● **DATASET**:

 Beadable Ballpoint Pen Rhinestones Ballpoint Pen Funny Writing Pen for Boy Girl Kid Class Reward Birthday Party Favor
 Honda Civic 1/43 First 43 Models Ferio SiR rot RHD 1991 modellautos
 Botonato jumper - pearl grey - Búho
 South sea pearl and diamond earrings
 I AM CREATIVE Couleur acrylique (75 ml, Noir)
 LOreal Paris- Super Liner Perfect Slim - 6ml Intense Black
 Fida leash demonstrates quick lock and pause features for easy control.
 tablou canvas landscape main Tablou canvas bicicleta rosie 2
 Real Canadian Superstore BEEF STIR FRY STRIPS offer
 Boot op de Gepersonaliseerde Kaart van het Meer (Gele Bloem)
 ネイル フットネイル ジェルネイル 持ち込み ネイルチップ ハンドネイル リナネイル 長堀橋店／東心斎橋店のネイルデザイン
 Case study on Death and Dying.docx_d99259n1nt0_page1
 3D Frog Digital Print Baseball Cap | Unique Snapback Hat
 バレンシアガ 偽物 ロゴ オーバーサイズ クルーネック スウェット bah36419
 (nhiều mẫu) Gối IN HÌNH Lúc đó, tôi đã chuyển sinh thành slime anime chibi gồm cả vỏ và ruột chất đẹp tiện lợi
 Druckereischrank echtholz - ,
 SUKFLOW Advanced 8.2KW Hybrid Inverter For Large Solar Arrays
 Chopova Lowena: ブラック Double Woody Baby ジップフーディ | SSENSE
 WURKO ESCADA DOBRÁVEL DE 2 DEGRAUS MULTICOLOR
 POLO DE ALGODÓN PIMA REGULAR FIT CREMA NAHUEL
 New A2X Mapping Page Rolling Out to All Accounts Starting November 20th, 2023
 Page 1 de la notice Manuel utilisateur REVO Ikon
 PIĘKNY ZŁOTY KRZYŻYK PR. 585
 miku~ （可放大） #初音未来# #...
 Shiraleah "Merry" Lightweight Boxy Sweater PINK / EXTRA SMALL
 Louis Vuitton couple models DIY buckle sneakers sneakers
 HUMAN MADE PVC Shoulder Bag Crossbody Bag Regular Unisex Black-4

● **REQUIRED ACTION**: Extract exactly and only the lines above from the line containing "Case study on" through the line containing "Chopova Lowena: ブラック", both end lines included.

● **THE COMPLETED TASK**:
 Case study on Death and Dying.docx_d99259n1nt0_page1
 3D Frog Digital Print Baseball Cap | Unique Snapback Hat
 バレンシアガ 偽物 ロゴ オーバーサイズ クルーネック スウェット bah36419
 (nhiều mẫu) Gối IN HÌNH Lúc đó, tôi đã chuyển sinh thành slime anime chibi gồm cả vỏ và ruột chất đẹp tiện lợi
 Druckereischrank echtholz - ,
 SUKFLOW Advanced 8.2KW Hybrid Inverter For Large Solar Arrays
 Chopova Lowena: ブラック Double Woody Baby ジップフーディ | SSENSE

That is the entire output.